> **What you need to do**
Starting with the line that has "Big 5 Keyring Black/White" in the records below and stopping after the line that has "social skills ...", output every line exactly and nothing else; skip pictures.

> **Caption-style text data**
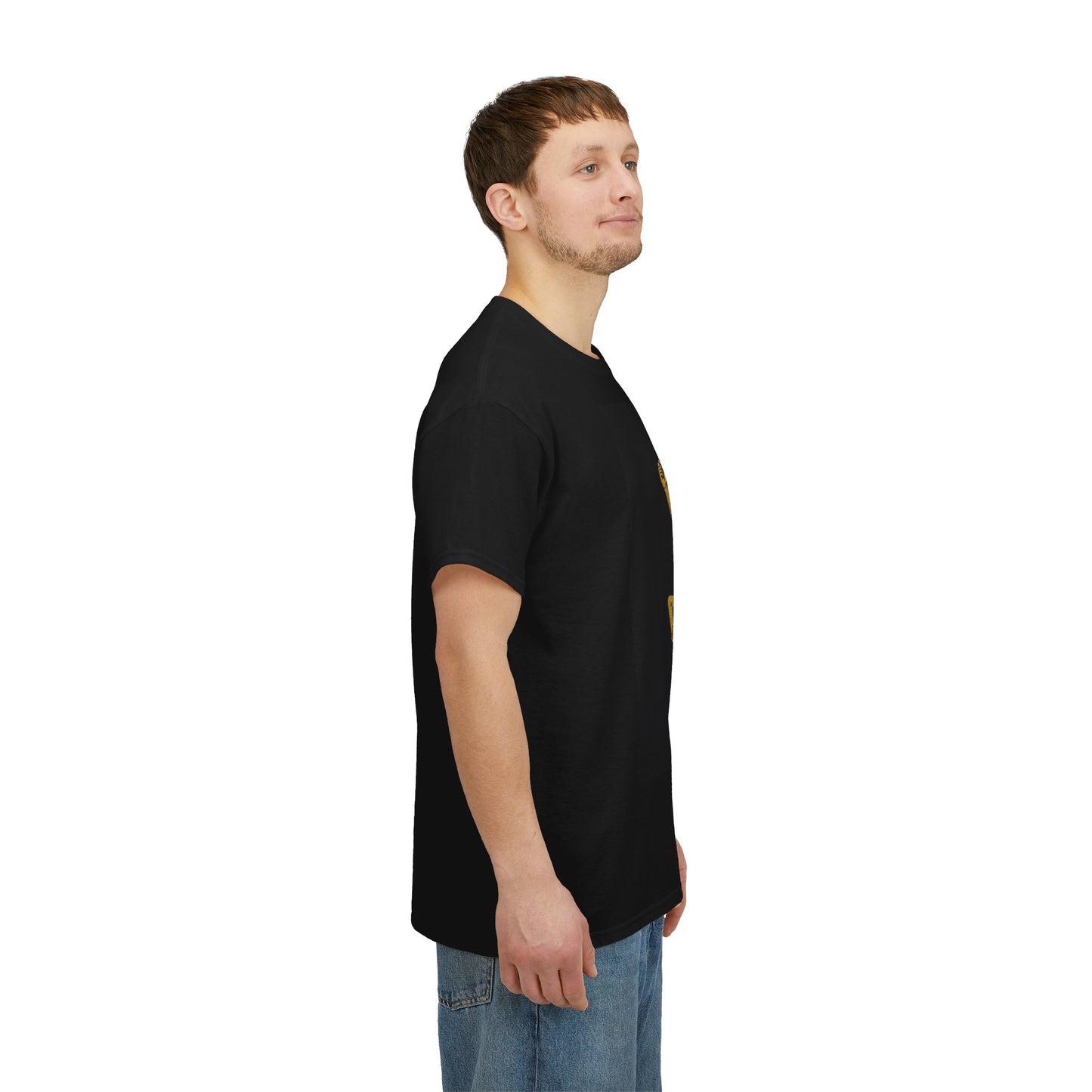 Unisex Heavy Cotton T-Shirt, Capricorn God, Zodiac Design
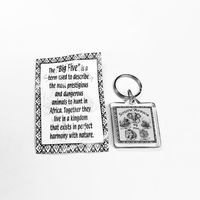 Big 5 Keyring Black/White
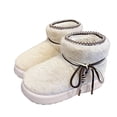 thumbnail image 4 of Viluyesy Womens Snow Boots Faux Fur Lined Platform Slip On Ankle Winter Boots Comfortable Plush for Outdoor Everyday Wear Beige Size 6-6.5, 4 of 7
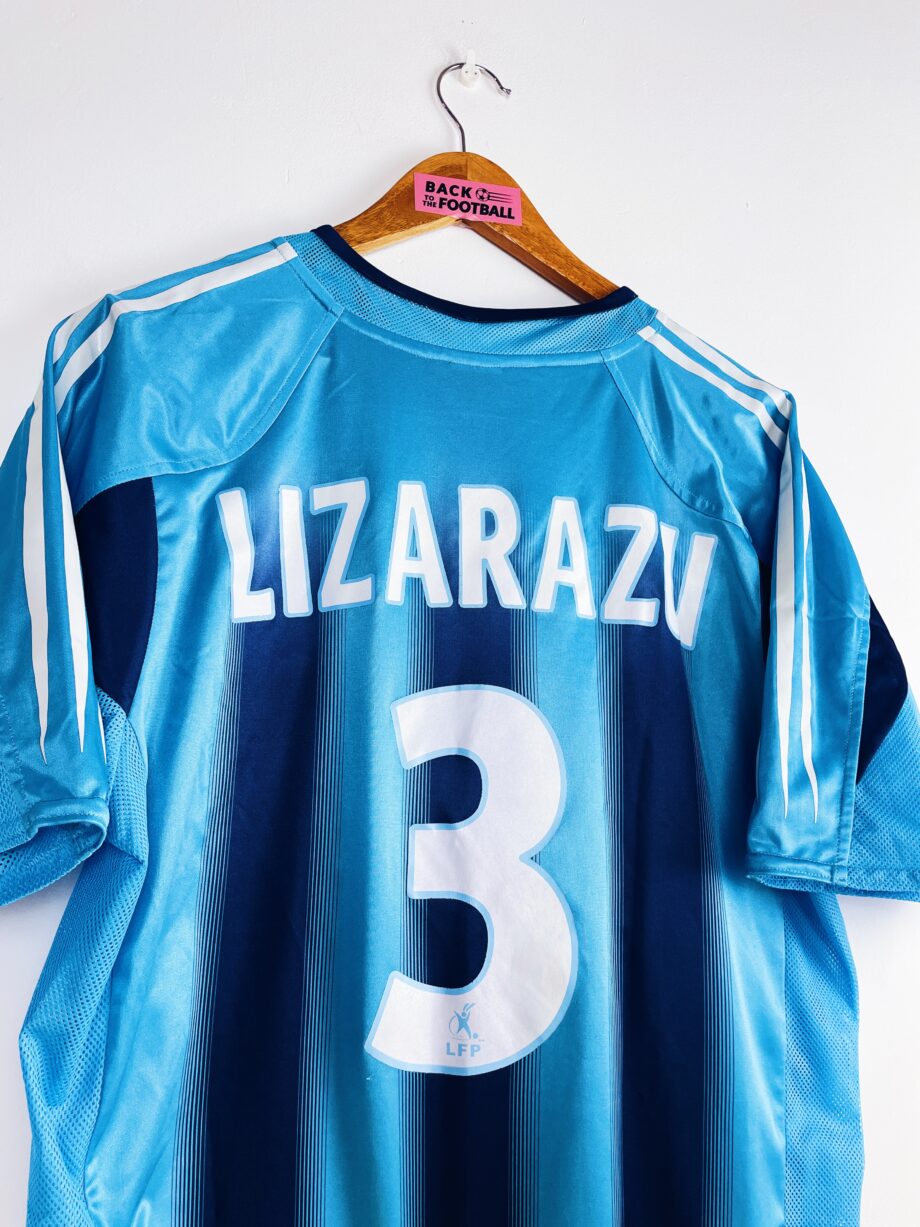 maillot vintage de l'OM 2004/2005 extérieur floqué Lizarazu #3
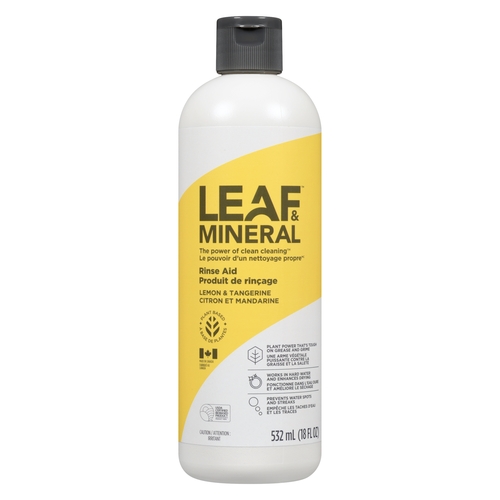 Leaf & Mineral - Rinse Aid - Lemon & Tangerine 532ml, 1 Each
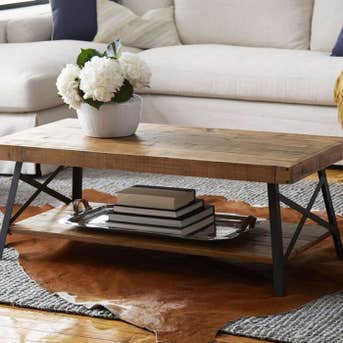 Coastal Farmhouse Kinsella Coffee Table with Storage
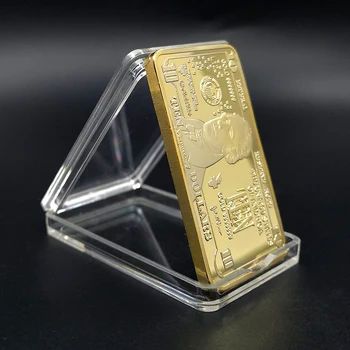 USD 1 2 10 20 100 10000 Dolerių Aukso 24k Gold Bar Amerikos Metalo Monetos, Aukso Barai USD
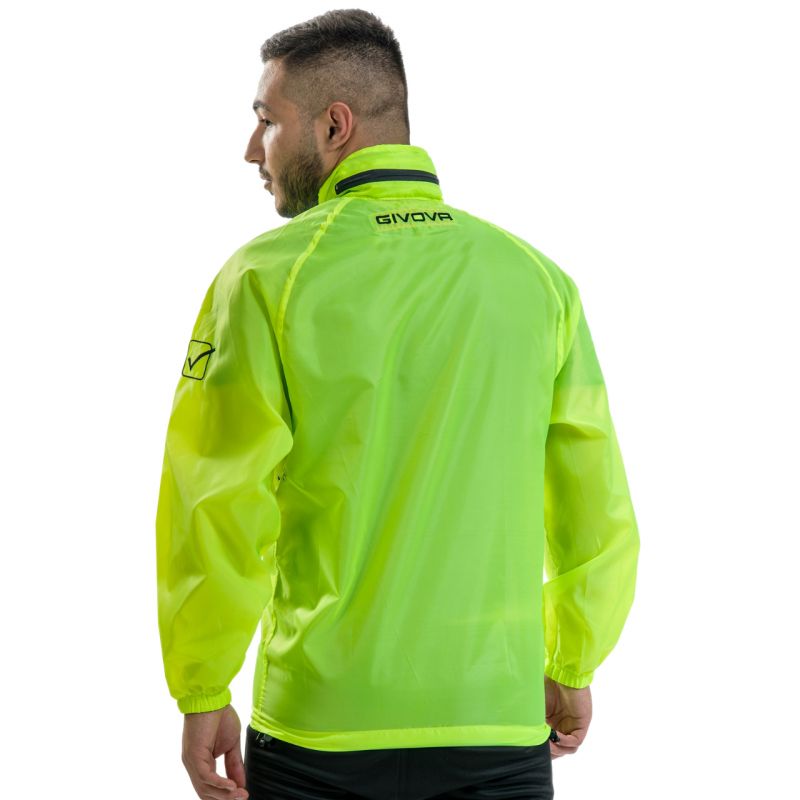 Jacket Givova Rain Basico Fluo RJ001 0019 Clothing/Football/Givova Givova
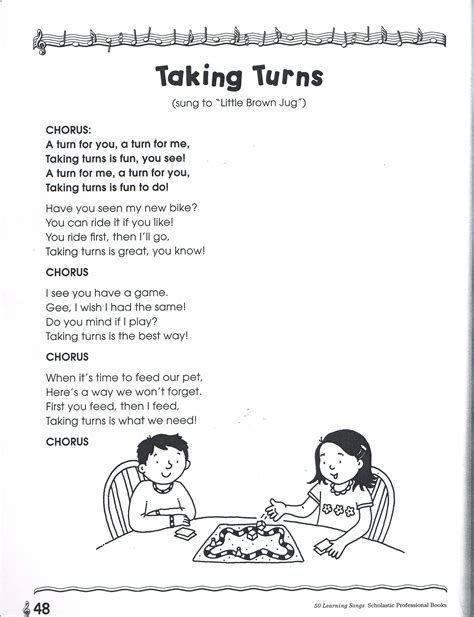 Taking Turns Song | Teaching social skills, Preschool social skills ...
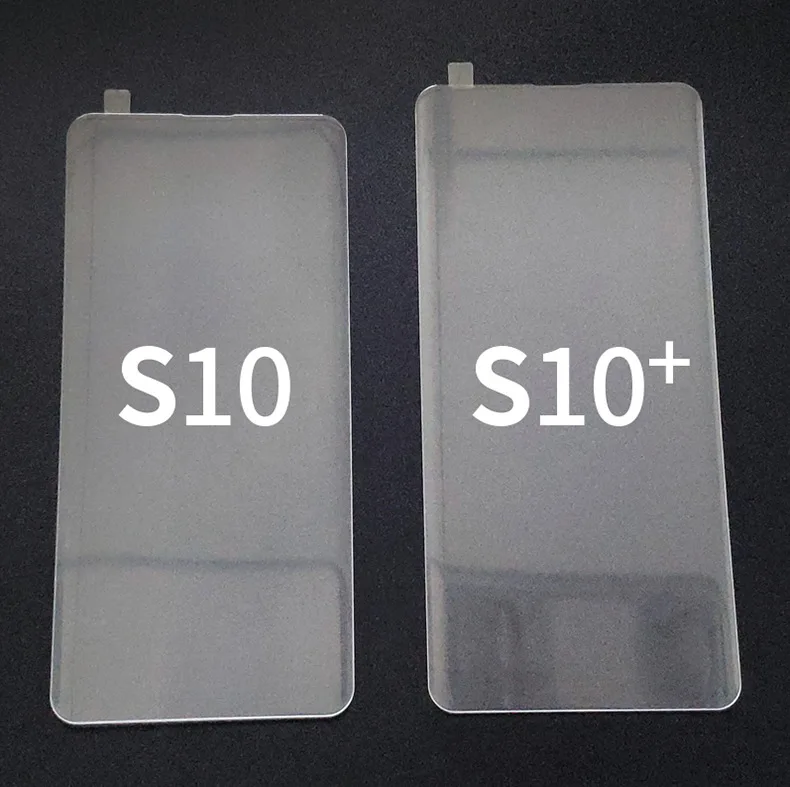 3D УФ нано жидкий экран протектор для Samsung Galaxy S10 Plus закаленное стекло Полный Клей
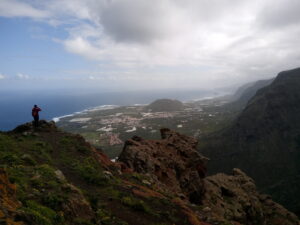 Ausblick Riscosteig Tenogebirge geführte Wanderung  auf Teneriffa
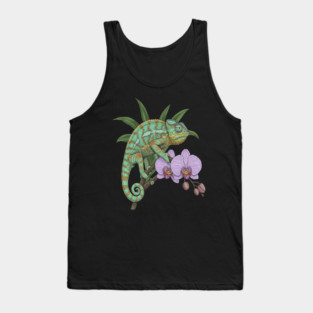 Panther Chameleon Tropical Reptile Design Tank Top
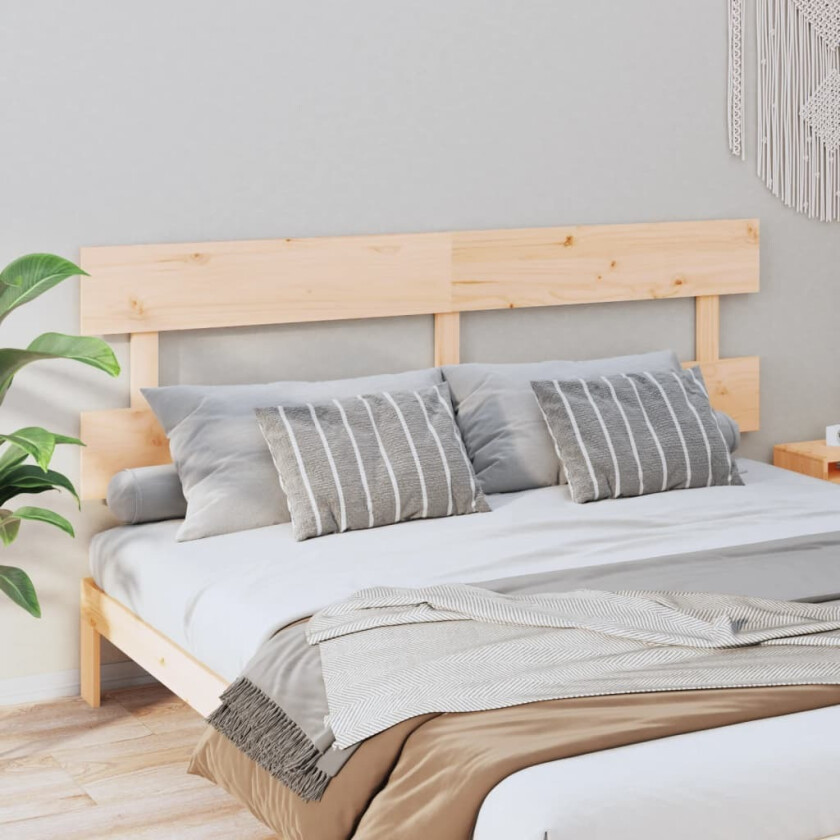 Sengegavl 204x3x81 cm heltre furu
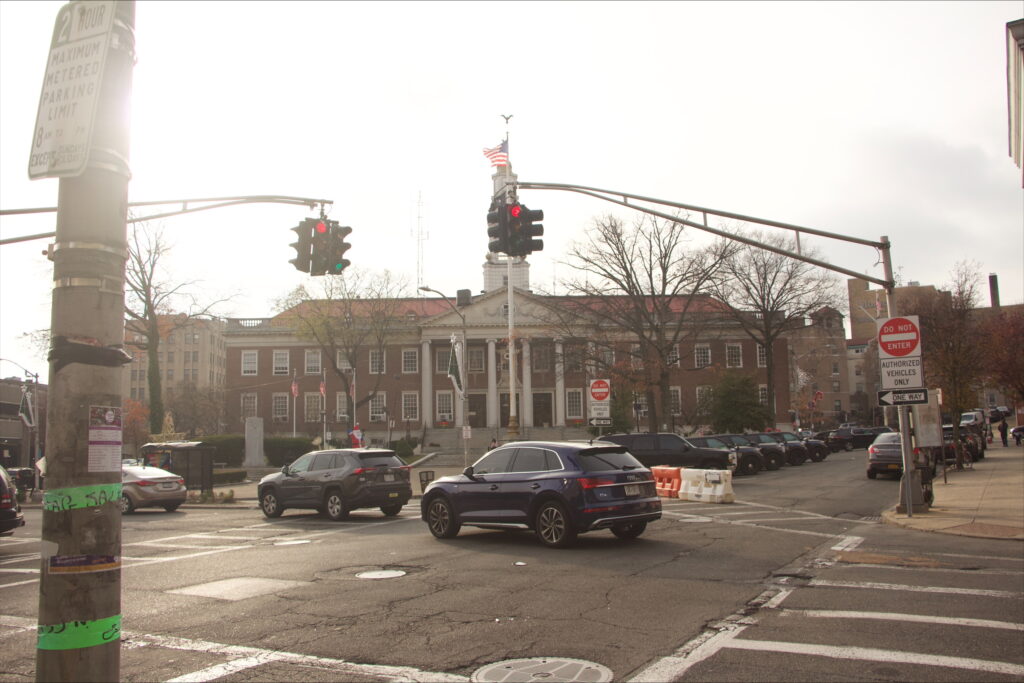 Mount Vernon City Hall in Mount Vernon, Westchester County, in late 2025.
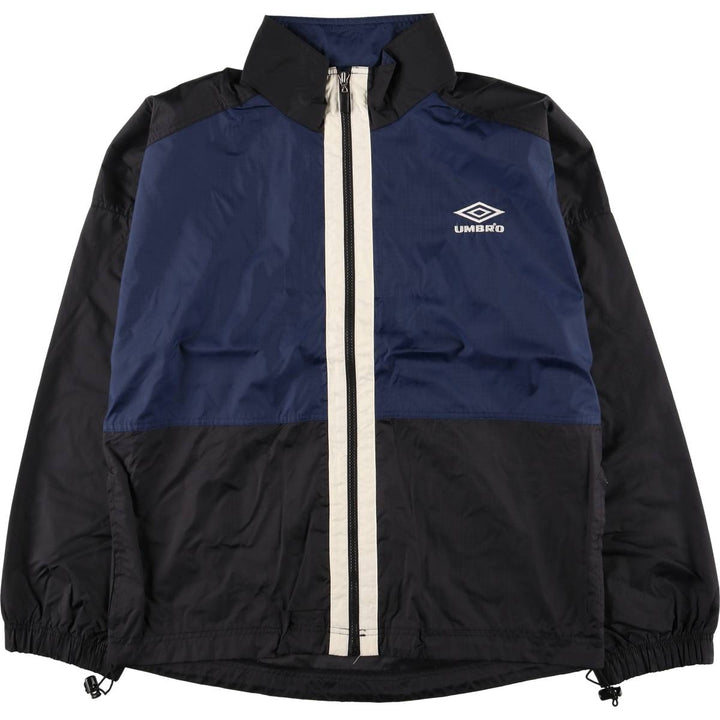 90'S Umbro Nylon Jacket, Men's Size Medium, Vintage Nylon navy blue type Vintage Second Hand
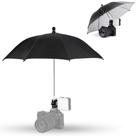 Guarda-chuva Camera Hot Shoe Kiorafoto, 3 níveis, altura ajustável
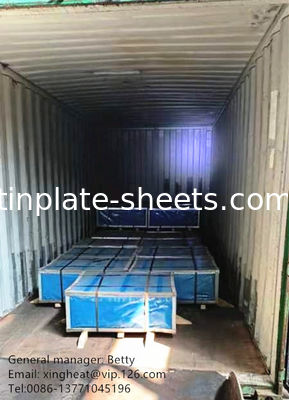 Flexible Zahlungsbedingungen Blechblech für Chemikalien und Lebensmitteldosen L/C T/T DP Bequem für Käufer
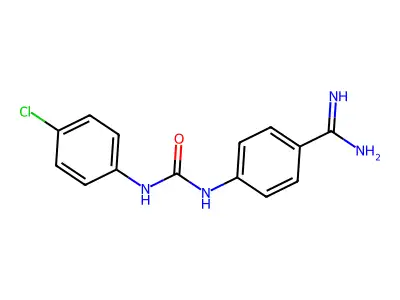 1-(4-脒基苯基)-3-(4-氯苯基)脲 structure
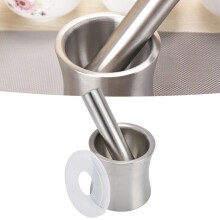 Edelstahl-Knoblauchmörser mit Doppelstruktur, 43,6 oz, Durchmesser 4,3 Zoll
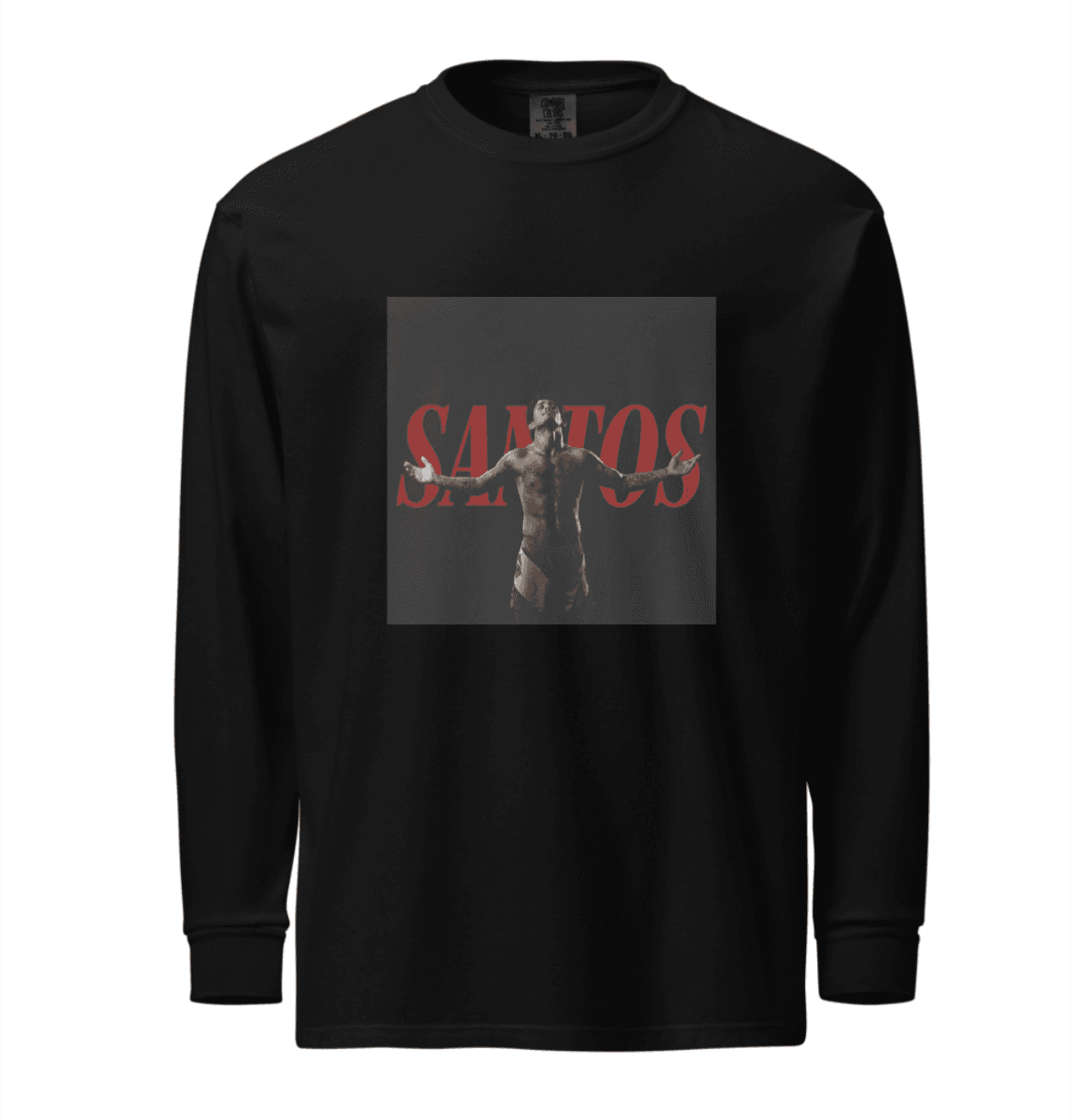 Black heavyweight long sleeve mockup
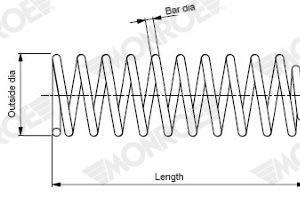 Arc spiral PEUGEOT EXPERT caroserie (VF3A_, VF3U_, VF3X_) 2.0 HDi 130 diesel 128 cai MONROE SP4086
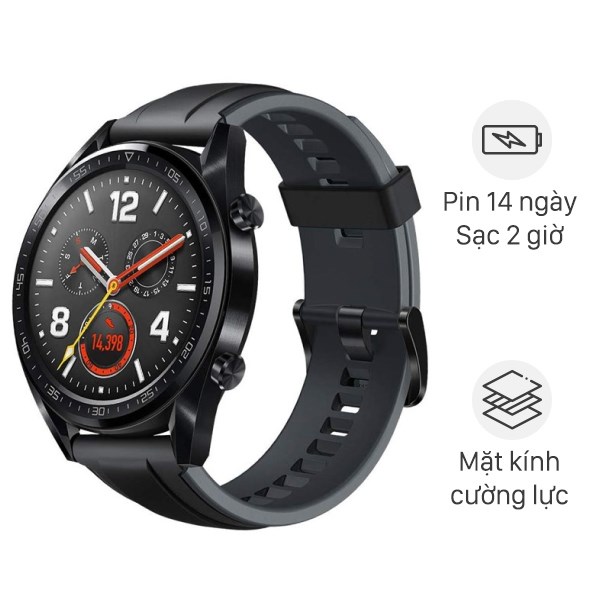 So Sánh Chi Tiết Đồng Hồ Thông Minh Huawei Watch Gt Dây Silicone Với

> **Result of the task**
 Big 5 Keyring Black/White
 thumbnail image 4 of Viluyesy Womens Snow Boots Faux Fur Lined Platform Slip On Ankle Winter Boots Comfortable Plush for Outdoor Everyday Wear Beige Size 6-6.5, 4 of 7
 maillot vintage de l'OM 2004/2005 extérieur floqué Lizarazu #3
 Leaf & Mineral - Rinse Aid - Lemon & Tangerine 532ml, 1 Each
 Coastal Farmhouse Kinsella Coffee Table with Storage
 USD 1 2 10 20 100 10000 Dolerių Aukso 24k Gold Bar Amerikos Metalo Monetos, Aukso Barai USD
 Jacket Givova Rain Basico Fluo RJ001 0019 Clothing/Football/Givova Givova
 Taking Turns Song | Teaching social skills, Preschool social skills ...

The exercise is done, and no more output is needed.